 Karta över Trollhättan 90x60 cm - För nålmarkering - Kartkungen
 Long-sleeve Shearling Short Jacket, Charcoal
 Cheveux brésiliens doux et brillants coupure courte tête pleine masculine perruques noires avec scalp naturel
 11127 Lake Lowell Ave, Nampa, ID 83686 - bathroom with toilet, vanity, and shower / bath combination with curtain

...

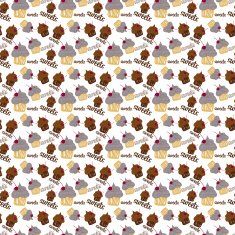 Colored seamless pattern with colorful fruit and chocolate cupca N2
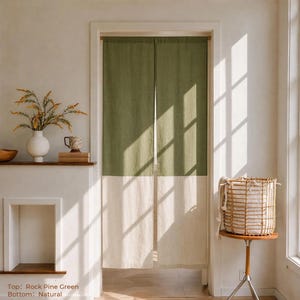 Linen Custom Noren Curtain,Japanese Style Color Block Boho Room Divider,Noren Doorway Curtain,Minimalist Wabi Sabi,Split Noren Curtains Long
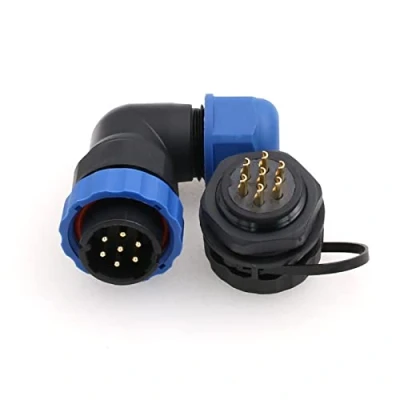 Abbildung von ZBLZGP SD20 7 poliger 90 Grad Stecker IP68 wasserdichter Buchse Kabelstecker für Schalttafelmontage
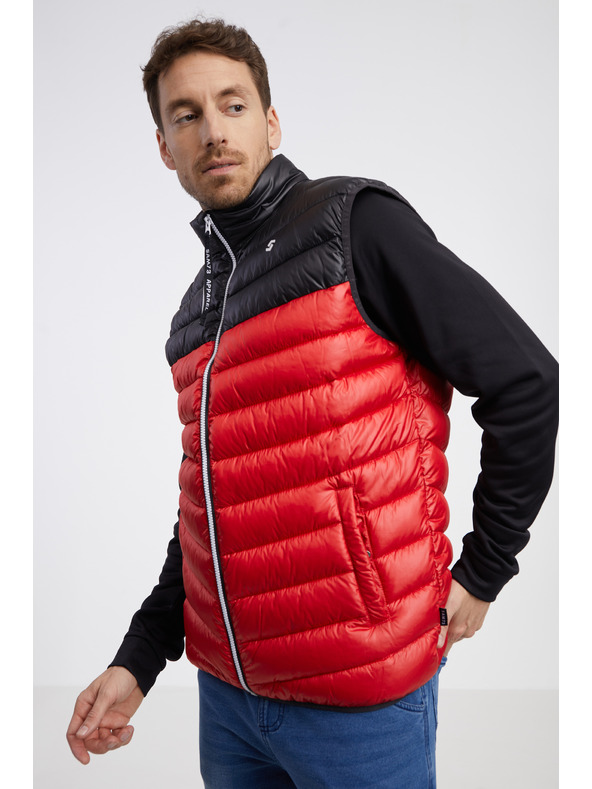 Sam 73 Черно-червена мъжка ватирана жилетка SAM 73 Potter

Task description – Every line above from the line with "Karta över Trollhättan" to the line with "11127 Lake Lowell" is wanted, ends included; write them out exactly and add no other line.

Finished exercise –
 Karta över Trollhättan 90x60 cm - För nålmarkering - Kartkungen
 Long-sleeve Shearling Short Jacket, Charcoal
 Cheveux brésiliens doux et brillants coupure courte tête pleine masculine perruques noires avec scalp naturel
 11127 Lake Lowell Ave, Nampa, ID 83686 - bathroom with toilet, vanity, and shower / bath combination with curtain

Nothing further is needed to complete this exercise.